Large-Scale Rewritable Holograms
A new material allows researchers to write and erase 3-D images for displays.
A holographic display based on a new material can be repeatedly written to and erased. Rewritable holograms have been possible at small sizes, such as for holographic memory devices. But it’s been difficult to make these materials at a scale large enough for displays. The new material, developed by researchers at the University of Arizona and at Nitto Denko Technical Corporation, in Oceanside, CA, could eventually allow for life-sized displays of people and objects the size of cars that could be refreshed every few minutes.
Existing high-end holographic images can be full-color and extremely detailed, but they’ve been restricted to still images that can’t be rewritten. Stereoscopic displays, in which a different two-dimensional image is shown to each eye, are the basis of 3-D movies, but they lack some of the realism of holograms. The new display can produce holographic images, which are easier to view than stereoscopic images and can be of higher quality. But the display is better than typical holographic images in that it can be updated.

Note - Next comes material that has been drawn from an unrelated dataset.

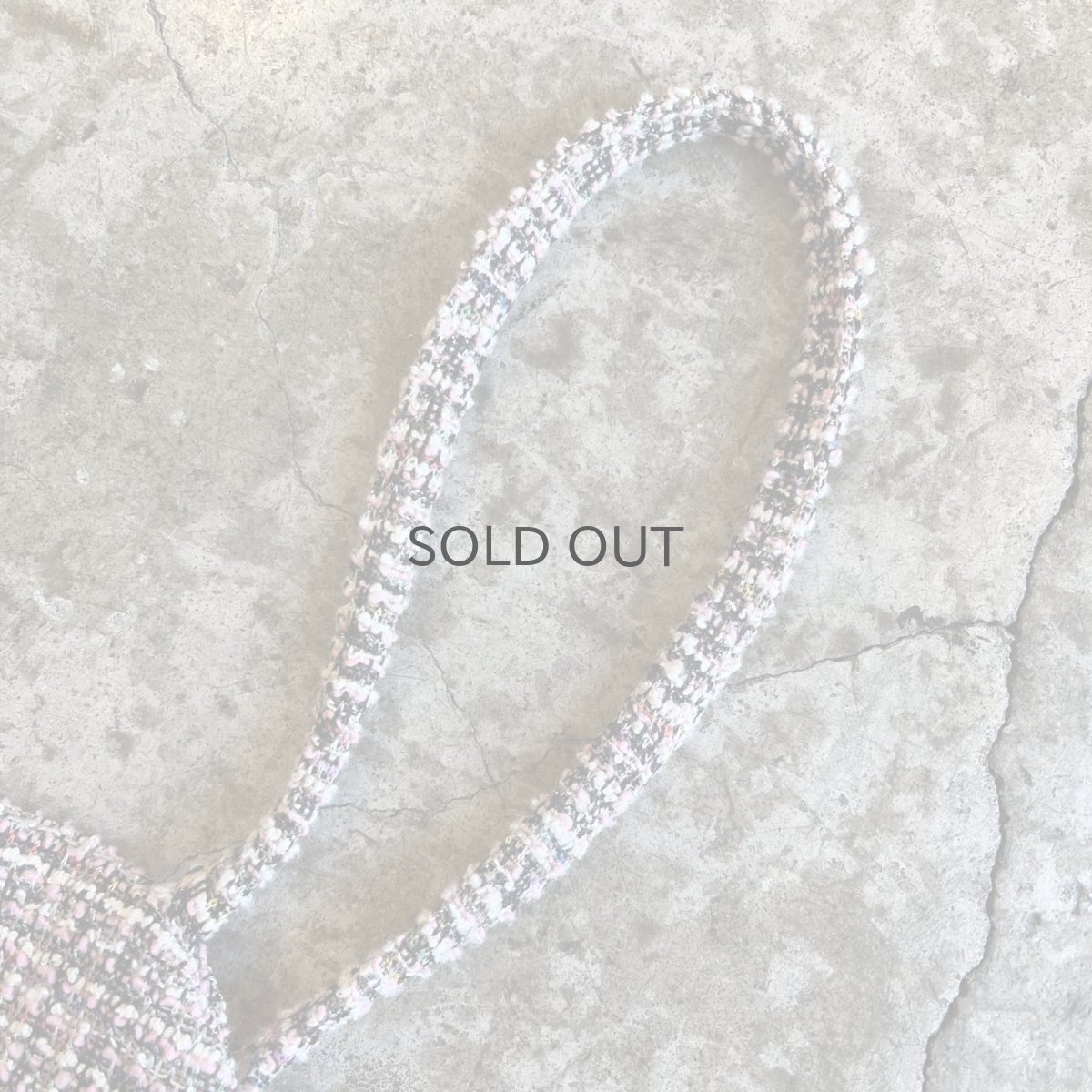 画像9: MIX COLOR TWEED PATTERN DESIGN BUSTIER / Ladies M (9)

The University of Arizona researchers developed a new polymer-based material that encodes information using electric fields. The material contains two components. When light strikes the film, one of these components, a polymer, absorbs photons and generates electrons and their positive counterparts, called holes. The polymer is also a good conductor of holes, but not of electrons. As a result, the holes can easily move away from the illuminated areas where they were generated, whereas the electrons stay put. This separation of charges creates patterns of tiny electric fields within the material. These electric fields change the way that light moves through the different parts of the film.
The second component of the material, a dye, responds to the electric fields in two ways. The dye molecules change their polarization and physically rotate depending on the nature of the fields in each part of the film. These changes locally affect the index of refraction, which has to do with how a material bends and reflects light. When the researchers shine a laser through the film, the dye alters the path of the light, projecting a pattern that the eye interprets as a three-dimensional image. “It comes out of thin air–you feel like you could touch it,” says Nasser Peyghambarian, a professor of materials science and engineering at the University of Arizona, who led the work.
To erase the image, the researchers expose the film to uniform light, which redistributes the electrons and holes, removing the electric fields and the changes in the material that they had produced.